Work on sensor networks and data delivery could have impact on national security, public safety
Wireless networks of tiny sensors may someday help health-care professionals monitor and assist patients with Alzheimer's disease or provide emergency response teams with valuable information on disasters such as explosions, building collapses or plane crashes.
Two LSU professors are working to hasten the arrival of this technology, and they've received substantial support from the National Science Foundation to aid them in their efforts.
S.S. Iyengar, the Roy Paul Daniels professor and chairman of LSU's Department of Computer Science, and Rajgopal Kannan, an assistant professor in computer science, have received more than half a million dollars in grants from the National Science Foundation for two projects. The first project, for which the NSF has committed $200,000 during the next three years, involves research into "Survivable Sensor Networks," or finding ways to ensure that tiny sensor networks placed in vehicles, buildings or other locations can survive disasters and successfully transmit the potentially valuable data they have collected. The second project, for which the NSF is providing $400,000 during the next three years, involves research into the security and movement of data, within sensor networks and through other electronic methods, such as e-mail.

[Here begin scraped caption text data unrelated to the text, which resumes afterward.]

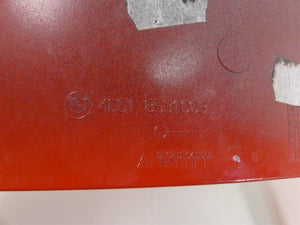 2013 BMW R1200GS GSW K50 Front Upper Fender Guard Racingred - Read 46618531003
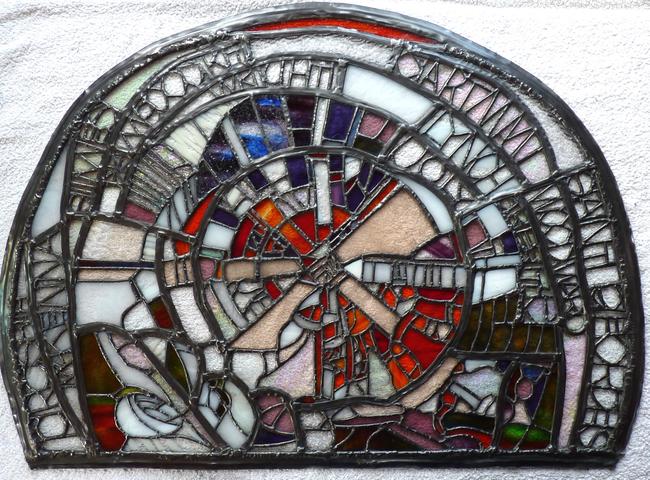 Channel Tunnel Window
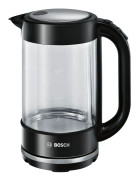 Bosch TWK70B03 - Vattenkokare - 1.7 liter - 2400 W - svart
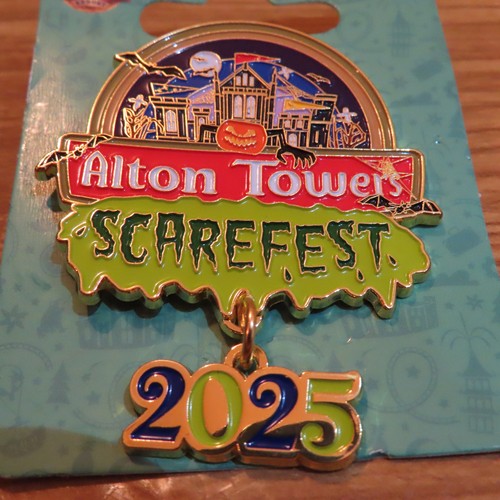 Alton towers scarefest 2025 - alton,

Both projects involve what are called Distributed Sensor Networks, which consist of a set of geographically distributed "intelligent" sensors designed to collect measurements – acoustic, seismic, infrared and so forth – from the environment in which they are placed. The data are then processed by an attached processing element into abstract sensor estimates and transmitted to other locations. According to Iyengar and Kannan, there are an almost endless array of uses for these kinds of networks and a number of technology companies are interested in the possibilities.
For instance, in the case of elderly adults in poor health, wireless motion sensors can be used to monitor activity in the home and assist with daily routines. The sensors could detect that a person had not been into the kitchen that day and would transmit this to another device which would create a pop-up message on the television screen, reminding he or she to eat or take medication.
"This research offers tremendous possibilities in a variety of fields, from national security to personal safety," said Kevin Smith, vice chancellor for research and graduate studies. "Its possible uses in the health care industry tie in nicely with the efforts of our researchers in the LSU Life Course and Aging Center."
Sensor networks could also be used for environmental purposes, such as monitoring pesticide levels in crop fields. And, of course, the technology could be used in sensitive, national security projects or for emergency response.
Making these sensor networks "survivable" means studying how they might be placed or arranged so that, if some are destroyed, the data they have collected still get out to those who need it. In addition, in most cases, these sensor devices must operate on limited energy supply. Thus, Iyengar and Kannan are examining the possibility of creating a method whereby these devices "sleep" for certain periods while no data are being collected.
In addition to investigating how data from sensors are transmitted safely, the pair is working to find ways to ensure that data are transmitted securely. As part of this effort, Iyengar and Kannan are developing ways to track anonymous e-mails.
Both of these areas are of potential value to those trying to fight terrorists. If, for instance, sensors or sensor networks are used for monitoring enemy combatants, it would be important that the data being transmitted be safe from "outside" monitoring. In addition, if known terrorists are using anonymous e-mails to communicate, a method for tracking the senders could be crucial for tracking them down.
Iyengar and Kannan are being helped on the project by six LSU graduate students and two undergraduate students.